Dollars and Sense: Europe starts quantitative easing, fears of a correction loom
Another volatile week. The markets were volatile again last week. After a five-year rally without a serious correction, sometimes news the markets think could throw a wet blanket on the fire causes a big drop. Then, the fire burns through the blanket anyway and the markets rise again. That cycle causes big drops and then—usually within a day or two—big gains again take us back to where we started.
Good news is bad news—again. This cycle began a week ago Friday, with a strong jobs report. The unemployment rate fell to 5.5 percent, and the number of new jobs significantly beat expectations. But the markets fell significantly because traders now think the Federal Reserve is going to raise interest rates, which could hurt the stock market. The rally we’ve been in since 2008 has been driven mostly by extremely low interest rates and an ever increasing money supply generated by the federal reserve’s quantitative easing program. Extremely low interest rates mean you can’t really make money by just putting your money in the bank. So, more of that money flowed into the stock market, searching for a rate of return. More money chasing shares drove prices up. That’s why a lot of conservative economists, in particular, would laugh when someone said inflation was near zero. Consumer price rises may have been near zero, but some economists say assets have been inflating for years.

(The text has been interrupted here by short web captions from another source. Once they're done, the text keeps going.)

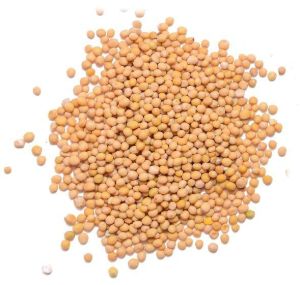 Mustard Seeds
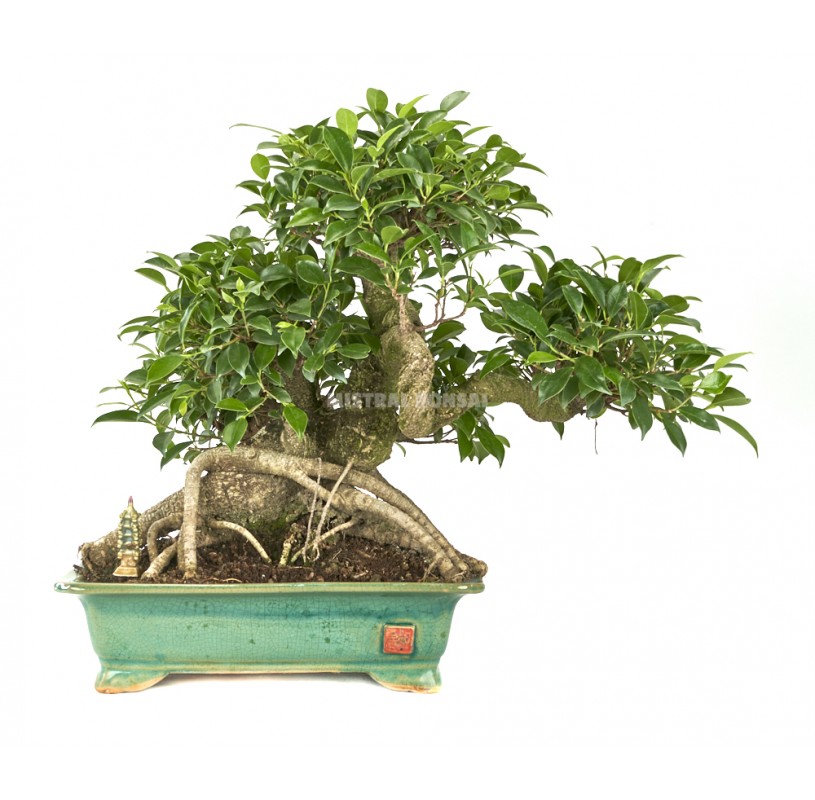 Exclusive Bonsai Ficus Retusa 25 Years Chinese Banyan Mistral Bonsai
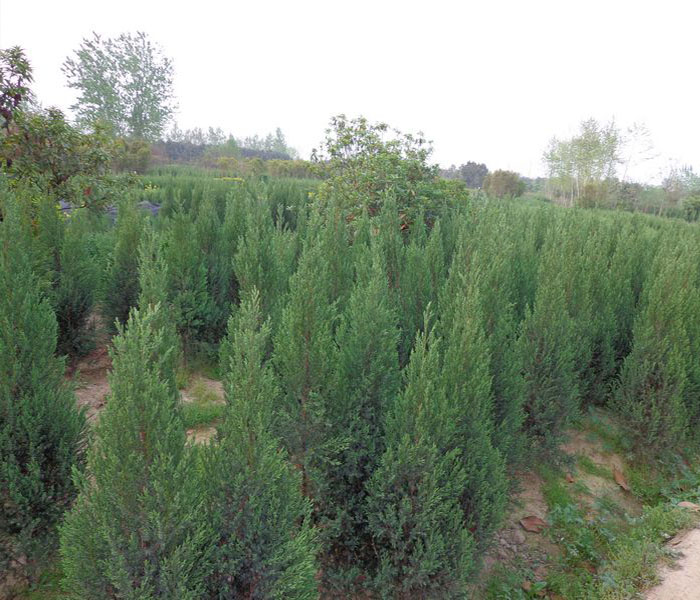 真正萬畝花木基地的-信陽1.6米高河南檜哪里有賣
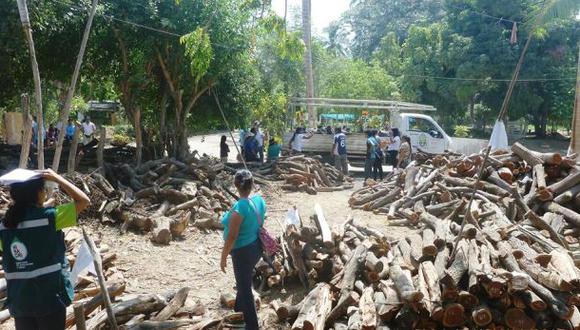 Dictan 9 meses de prisión para maderero por extracción forestal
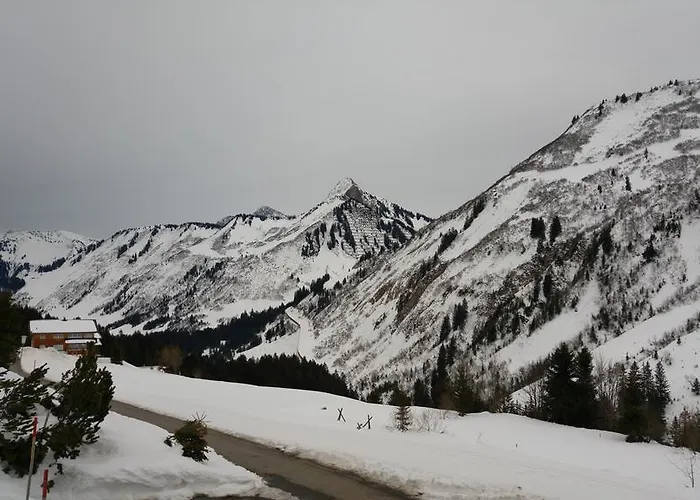 公寓 Damuelser Horn 达米尔斯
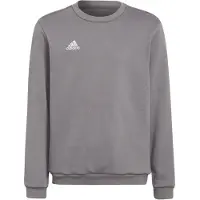 Adidas Collegegenser - Grå - - 14 år (164) - Collegegenser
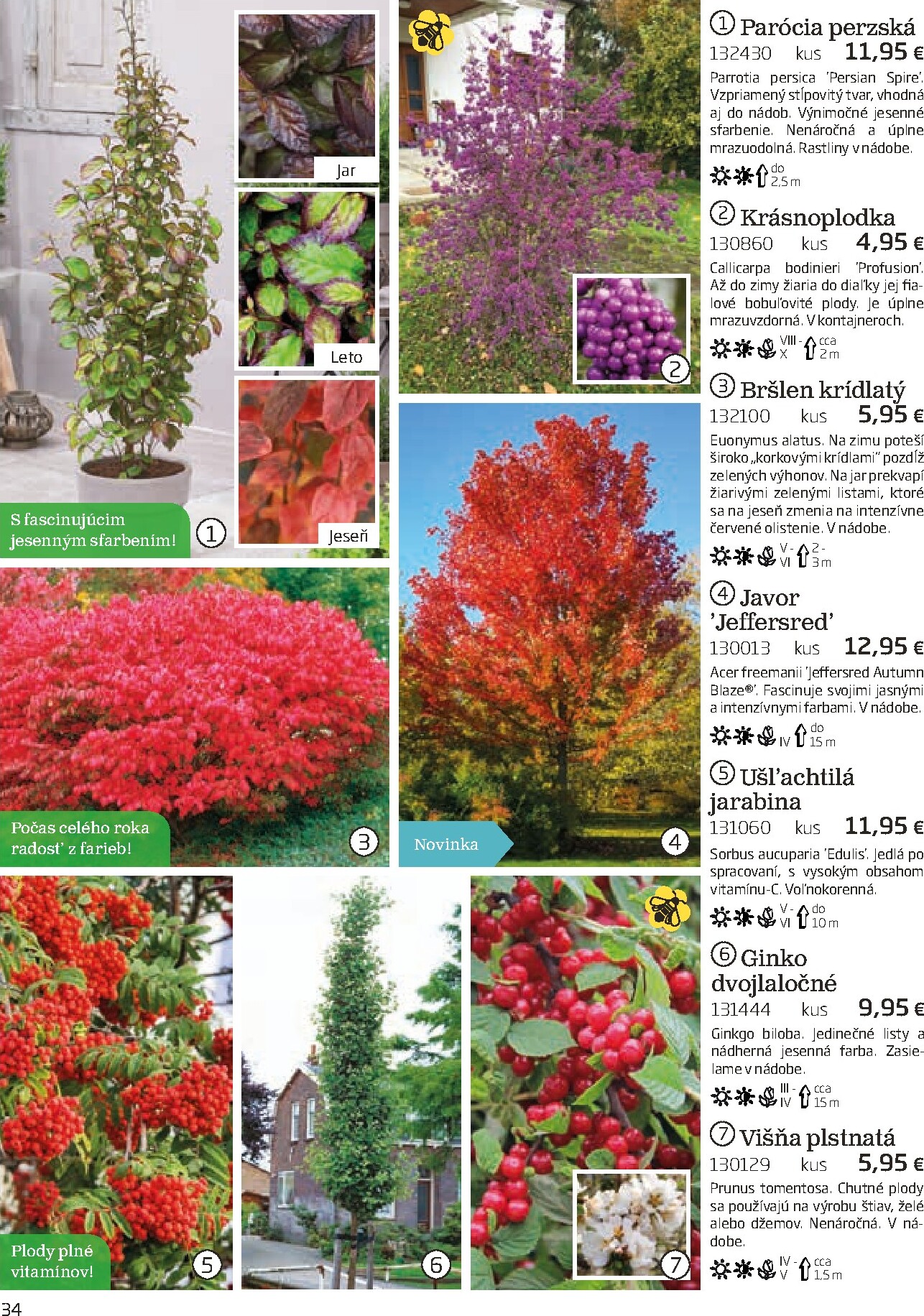 starkl - Leták Starkl platný od 01.03.2026 do 30.06.2026 - page: 34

Europe redux. The situation in Europe is adding fuel to the fire. Last week, the European Central Bank began its own quantitative easing program. A lot of analysts are expecting the same thing to happen in Europe as happened in the United States: Share prices will go up. So we now have a situation in which lots of people think U.S. shares are over-valued, interest rates are about to start rising, and European share prices are on their way up. While all of this may be true, not of it is certainly true. Europe may not respond to quantitative easing in the same way the U.S. markets did because the situation there is somewhat different. Case in point: The value of the euro, which just hit a 12-year low against the dollar, dipping to 1.08 euros per dollar.
Is a correction coming? Almost everyone agrees the U.S. markets will have at least a 10 percent correction at some point. And with the Dow near 18,000, a 10 percent correction is going to look pretty dramatic. But no one can say precisely when that will happen, another reason the markets are startling at their own shadows. Still, U.S. corporate earnings were strong last quarter, and they’ve been strong for three or four quarters in a row. So maybe U.S. stocks are not overvalued. Take retailers that reported last week: Foot Locker beat both earnings and revenue expectations. Staples reported earnings that topped estimates, though revenue missed forecasts, in part because a strong U.S. dollar took a toll on sales. Discount retailer Big Lots also beat earnings and came in line with revenue projections.
The week ahead. It’s going to be a slow week for government reports. Housing starts and industrial output reports come out this week. They’re not known for moving the markets that much. I would continue to keep an eye on Europe. But if it weren’t for all the volatility of the past few weeks, I would be inclined to say we’re in something of a quiet period. We’re still a few weeks away from getting first quarter earnings reports. Of course, I could have said the same thing about last week!